● **Records provided**:
■ ■ ■ ■ ■ ■ ■

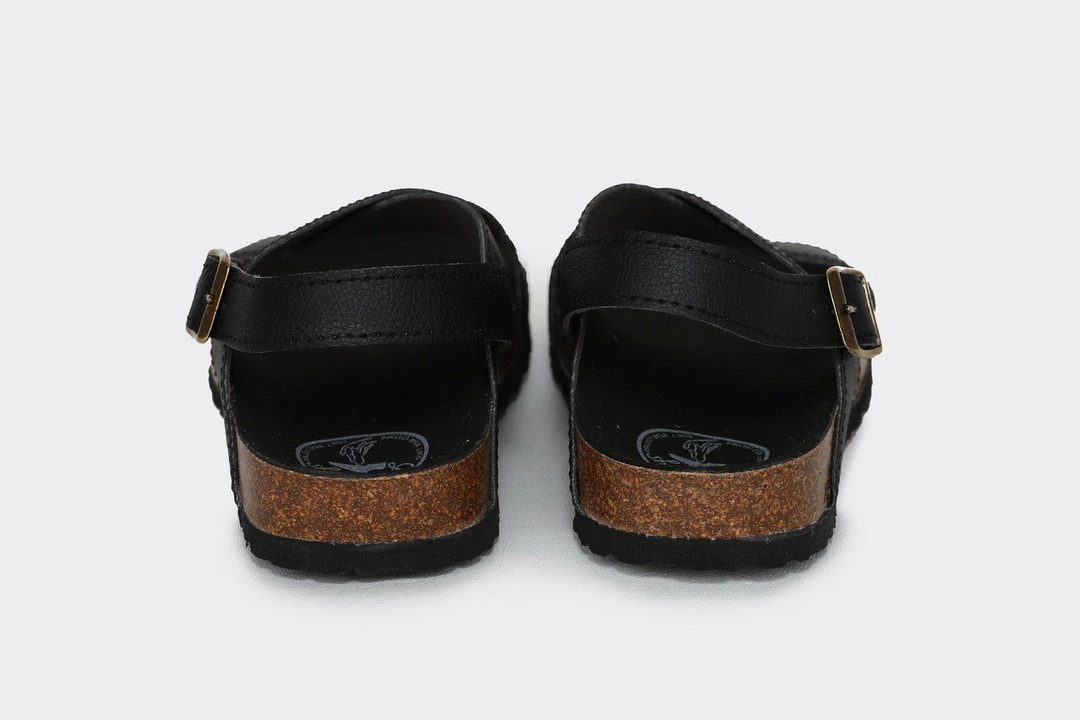 Good Guys Don't Wear Leather Mimi Apple Leather Vegan Cross Strap Sandals | Black Shoes 7 Good Guys Don't Wear Leather Mimi Apple Leather Vegan Cross Strap Sandals | Black Shoes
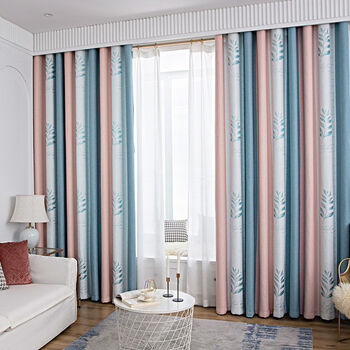 新款加厚北欧现代三色无缝拼接客厅阳台卧室遮光成品定制窗帘三色织粉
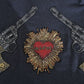 Dolce & Gabbana Gray Hooded Red Crystal Heart Gun Sweater
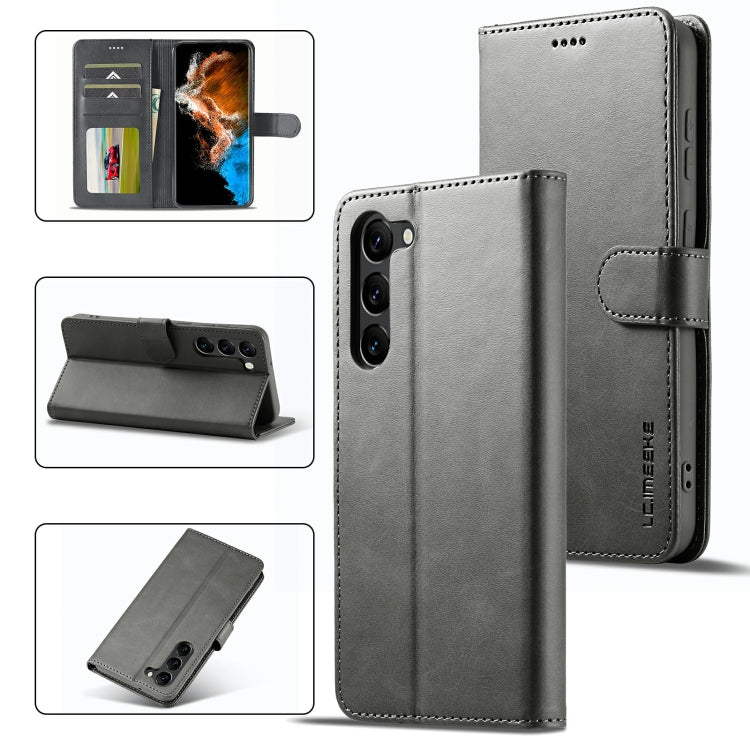 For Samsung Galaxy S23 5G LC.IMEEKE Calf Texture Horizontal Flip Leather Phone Case(Grey) - free shipping - PMC TechLife - Order now!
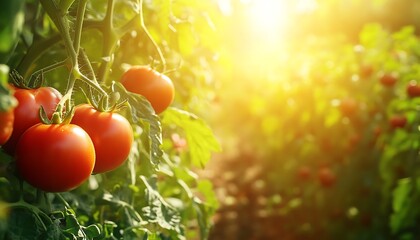 Vegetable Garden with Ripe Tomatoes on the Vine in Bright Sunlight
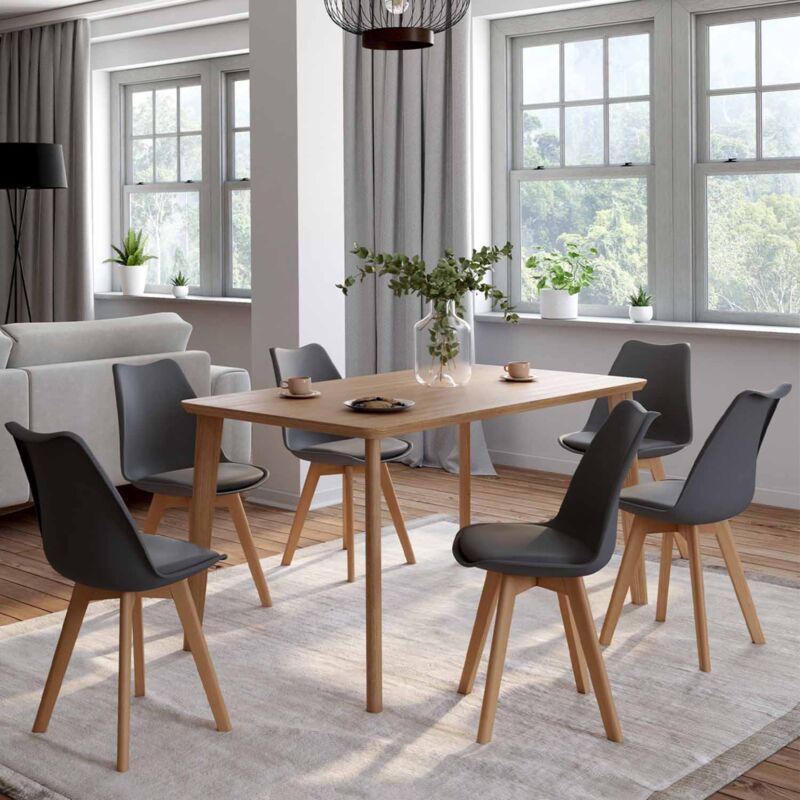 foto del prodotto set di 6 sedie sara grigio scuro per sala da pranzo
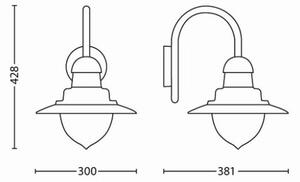 Philips 01652/30/PN Raindrop venkovní nástenné svítidlo 1xE27 IP44 černá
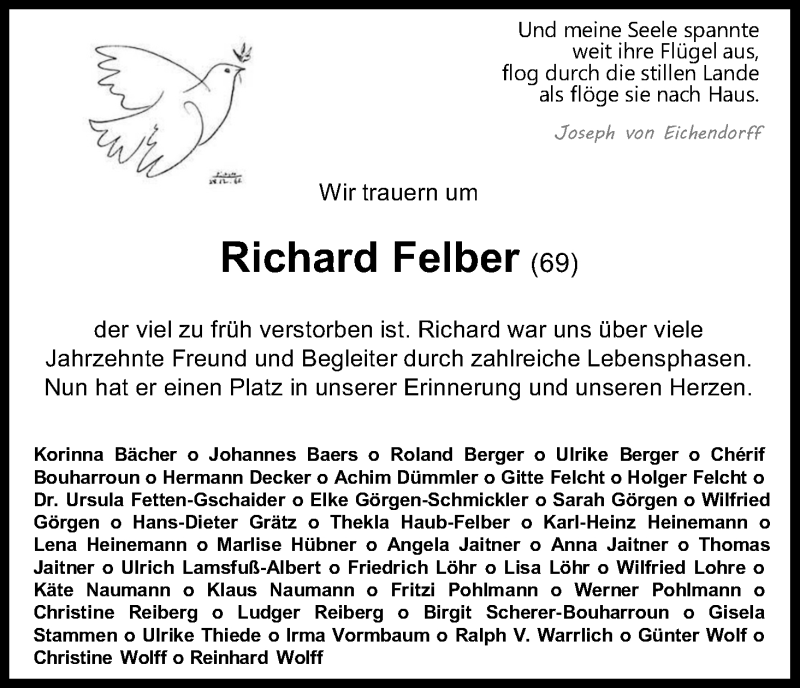  Traueranzeige für Richard Felber vom 22.01.2022 aus Kölner Stadt-Anzeiger / Kölnische Rundschau / Express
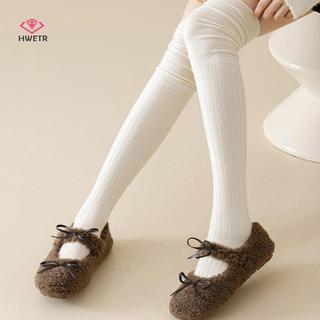 Tất cao gót nữ màu đơn sắc đến đầu gối, co giãn và thoáng khí, thoải mái cho giày cao gót mới
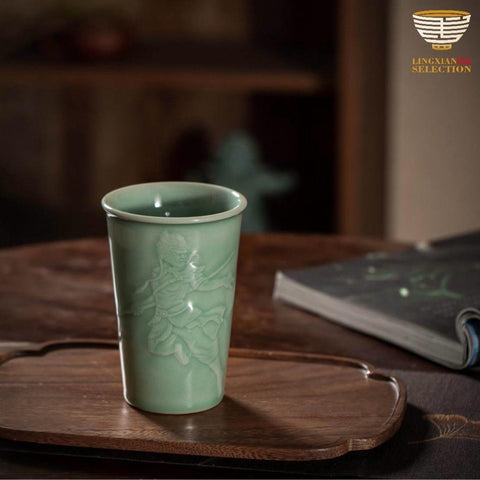 Handcrafted Celadon Zodiac Cup – Tu Renzhai Chinese Jade Glaze Porcelain Tumbler with Glossy Glaze & 12 Animal Designs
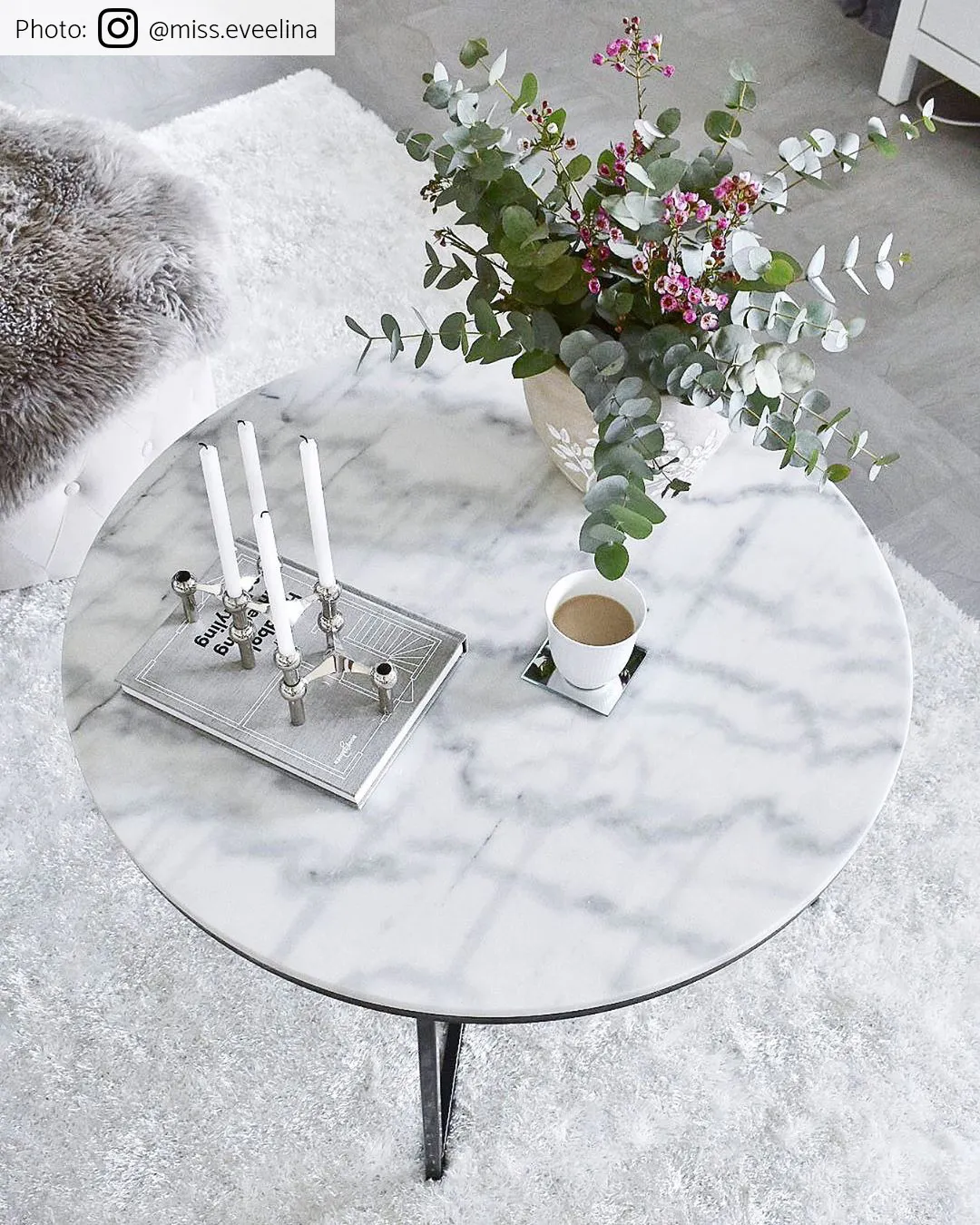 Runde tepper - Cosy (hvit)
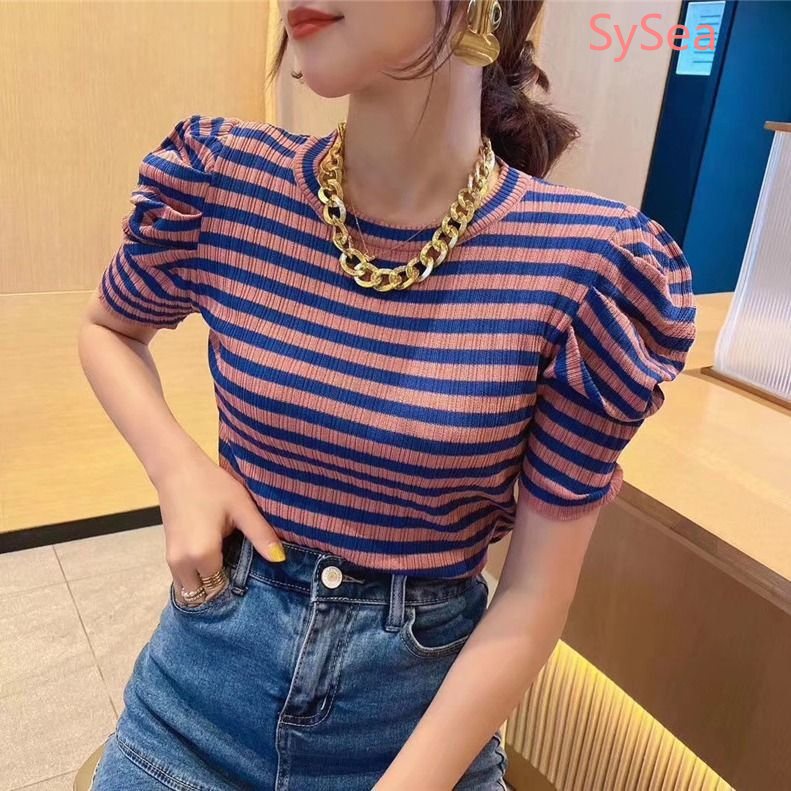 Áo Dệt Kim Tay Phồng Họa Tiết Kẻ Sọc Thời Trang Mùa Hè Hàn Quốc Cho Nữ
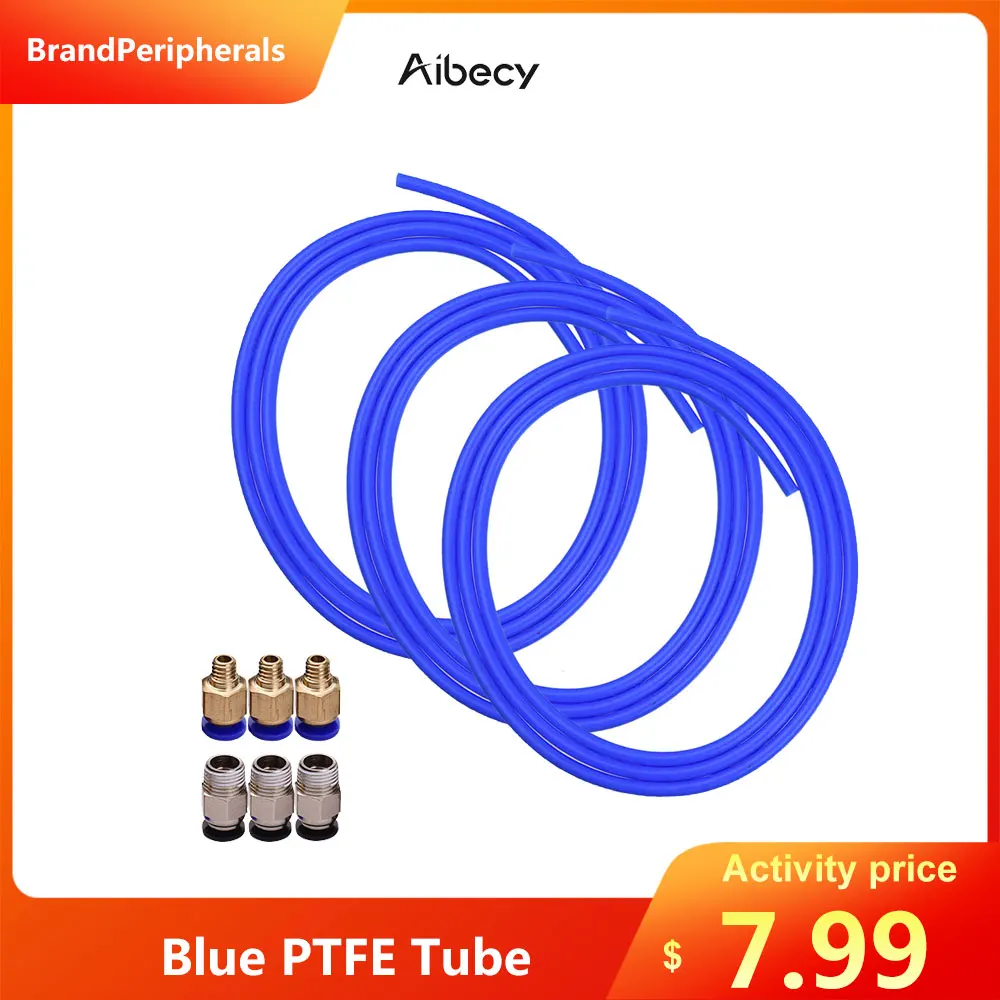 Aibecy 3 шт. голубой шланг из ПТФЭ 1 метр с быстрорежущих пневматических фитингов для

■ ■ ■ ■ ■ ■ ■

● **Task item**: The aim is an exact repeat of the entire listing, stripped of pictures.

● **Written answer**:
 Good Guys Don't Wear Leather Mimi Apple Leather Vegan Cross Strap Sandals | Black Shoes 7 Good Guys Don't Wear Leather Mimi Apple Leather Vegan Cross Strap Sandals | Black Shoes
 新款加厚北欧现代三色无缝拼接客厅阳台卧室遮光成品定制窗帘三色织粉
 Dolce & Gabbana Gray Hooded Red Crystal Heart Gun Sweater
 For Samsung Galaxy S23 5G LC.IMEEKE Calf Texture Horizontal Flip Leather Phone Case(Grey) - free shipping - PMC TechLife - Order now!
 Vegetable Garden with Ripe Tomatoes on the Vine in Bright Sunlight
 foto del prodotto set di 6 sedie sara grigio scuro per sala da pranzo
 Philips 01652/30/PN Raindrop venkovní nástenné svítidlo 1xE27 IP44 černá
  Traueranzeige für Richard Felber vom 22.01.2022 aus Kölner Stadt-Anzeiger / Kölnische Rundschau / Express
 Tất cao gót nữ màu đơn sắc đến đầu gối, co giãn và thoáng khí, thoải mái cho giày cao gót mới
 Handcrafted Celadon Zodiac Cup – Tu Renzhai Chinese Jade Glaze Porcelain Tumbler with Glossy Glaze & 12 Animal Designs
 Runde tepper - Cosy (hvit)
 Áo Dệt Kim Tay Phồng Họa Tiết Kẻ Sọc Thời Trang Mùa Hè Hàn Quốc Cho Nữ
 Aibecy 3 шт. голубой шланг из ПТФЭ 1 метр с быстрорежущих пневматических фитингов для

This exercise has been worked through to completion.